SAMANTHI W. DURAGE (PhD)

PROFESSOR S.C. WIRASINGHE (PhD, PEng)

PROFESSOR JANAKA RUWANPURA (PhD, PEng)

DEPARTMENT OF CIVIL ENGINEERING

SCHULICH SCHOOL OF ENGINEERING

UNIVERSITY OF CALGARY

CANADA

12th Annual Canadian Risk and Hazards Network SymposiumCoast Plaza Hotel, Calgary, Alberta

Disaster Mitigation in Canada

In Canada, approximately 80% of disasters are due to extreme weather

events such as tornadoes, hurricanes, hail storms etc (Hwacha, 2005).

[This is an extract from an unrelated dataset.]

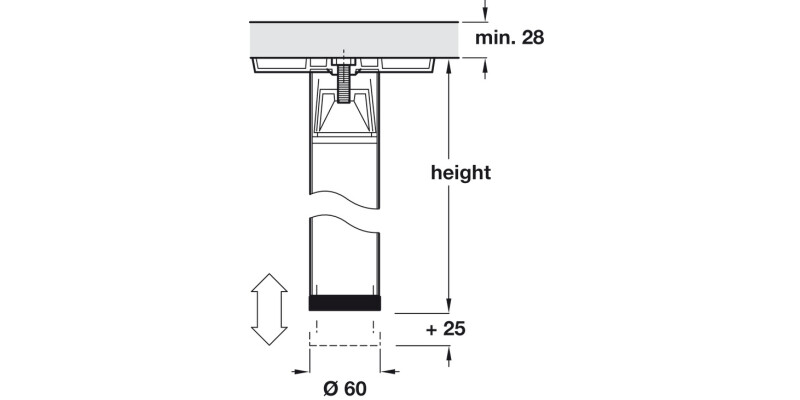 Leg w Adj D80x710mm Silver Col 9006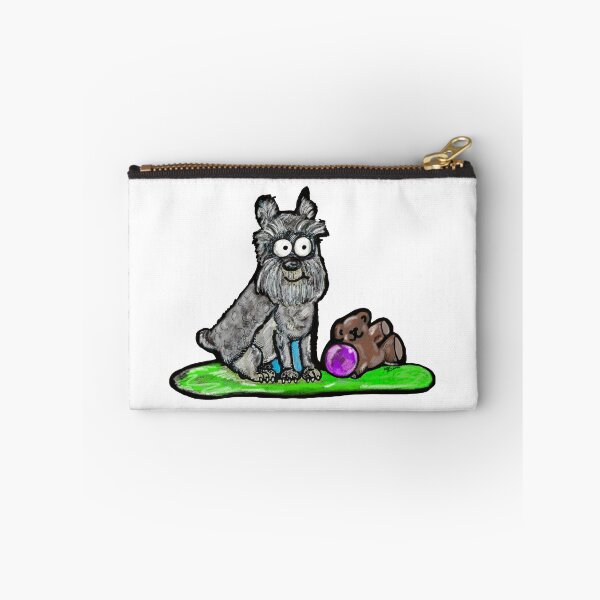 Item preview, Schnauzer cartoon with teddy bear designed and sold by Marble1212.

Canada is gradually shifting from the ways governments have historically

approached disasters, through response and recovery methods, to

mitigation strategies (Emergency Management Act c.15, 2007).

Canada’s National Disaster Mitigation Strategy (PSC, 2010) highlights the

need to “apply and promote scientific and engineering best practices in

order to build a knowledge base for sustainable, cost-effective mitigation

decisions that contribute to community resiliency”.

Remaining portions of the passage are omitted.